Candy Crush* is built to be addictive. And you can only lose so many times in a row before you have reached your limit for the day and can’t play anymore unless you pay $0.99. SO a lot of people do that, because its cheap. And their payment is already linked their phone so they don’t have to think about it. And its addictive.

There may also be higher tiers that cost more that allow for more unlimited play.

$0.99 does not sound like a lot, but with millions of people playing, it adds up. In 2012, they made $604 million. Its gone down considerably, to a measly $10 million a year.

When you hear the term “micro-transactions,” this is what people are talking about.

Anonymous 0 Comments

I’m going to assume you mean candy crush.

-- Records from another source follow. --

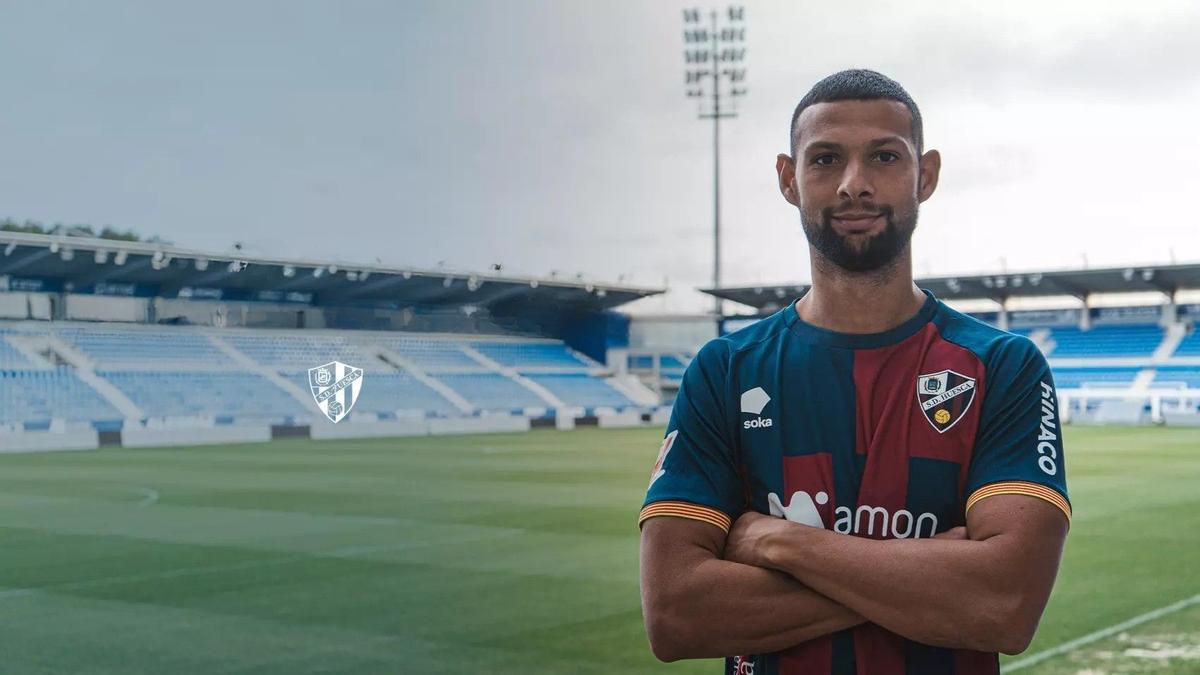 Joaquín Fernández posa con la camiseta de la SD Huesca en El Alcoraz.
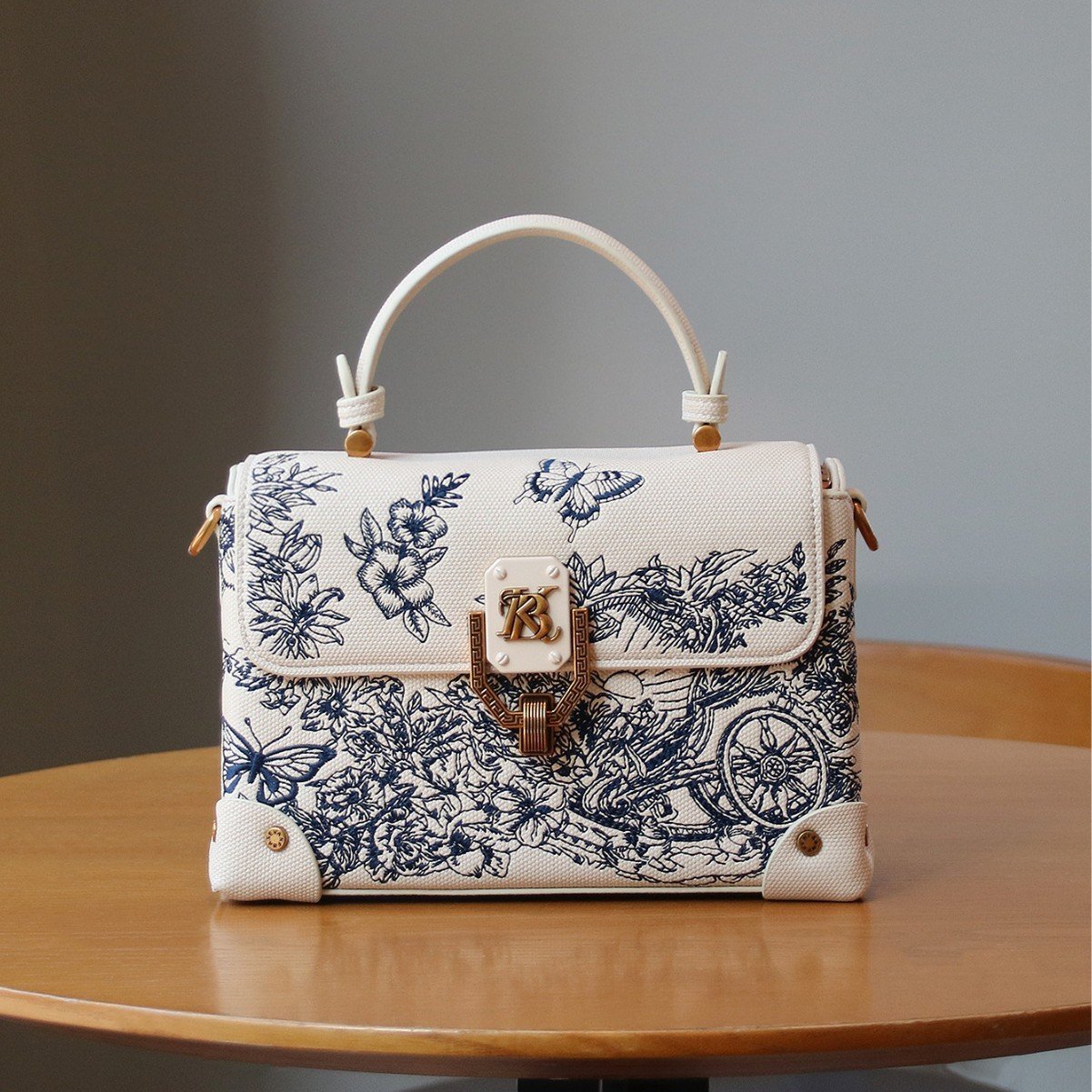 Vintage Embroidered Statement Handbag - Image 6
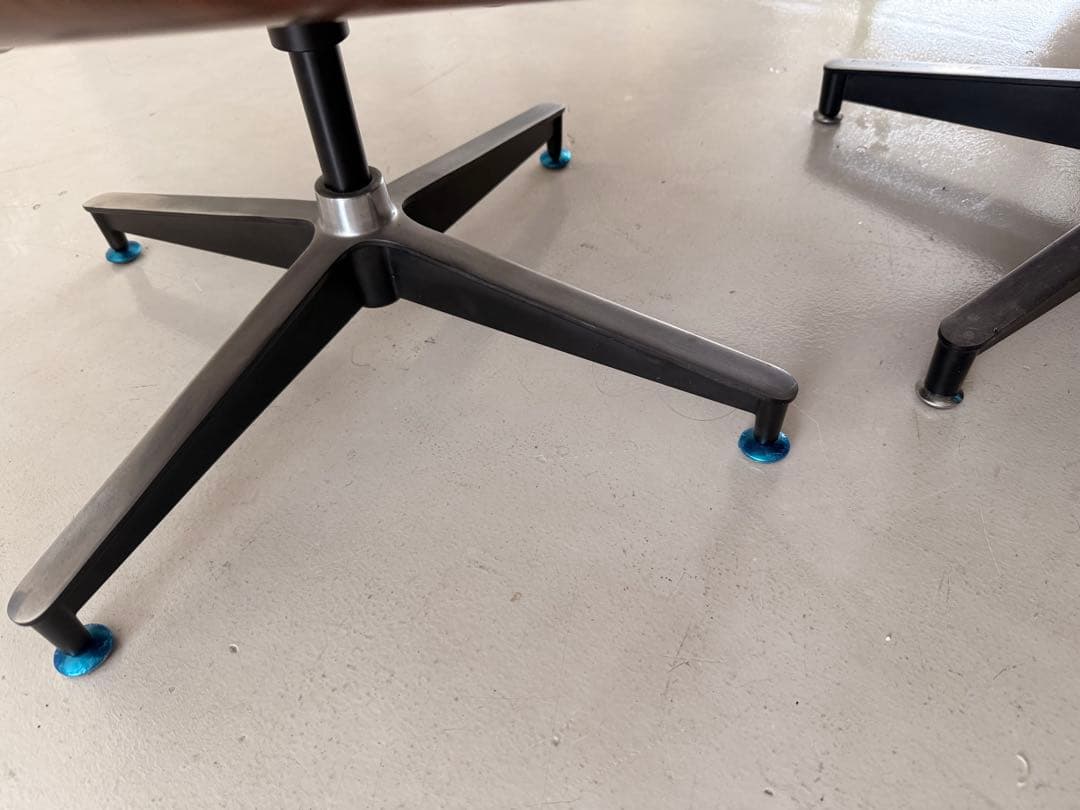 イームズラウンジチェアのレプリカオットマン（ラウンジチェアは付属しません）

Gameplay that’s easy to get into, but highly addictive. Life system makes it so that once you’re hooked, you’re more likely to buy lives, especially if you’ve been stuck on a level for too long and are just so close to beating it but always just a couple moves away.

Anonymous 0 Comments

they have advertisements, usually advertisers pay the dev or publisher to put ads in the app/game and then they pay the dev/publisher a certain amount of money for a certain amount of views. For example $1 per 1000 views, may not seem like much, but Candy Crush has 36 million downloads in android alone, if each downloader watch a single ad once, it’s already $36,000. The price can be more or less according to agreement.

so they put ad maybe once every two-three levels.

another way is the in-app purchase, where they sell “power ups” or “bonus” to make it easier to clear a level, then the devs will make on some kind of an impossible level or two, that’s nigh impossible to solve unless you buy a power up.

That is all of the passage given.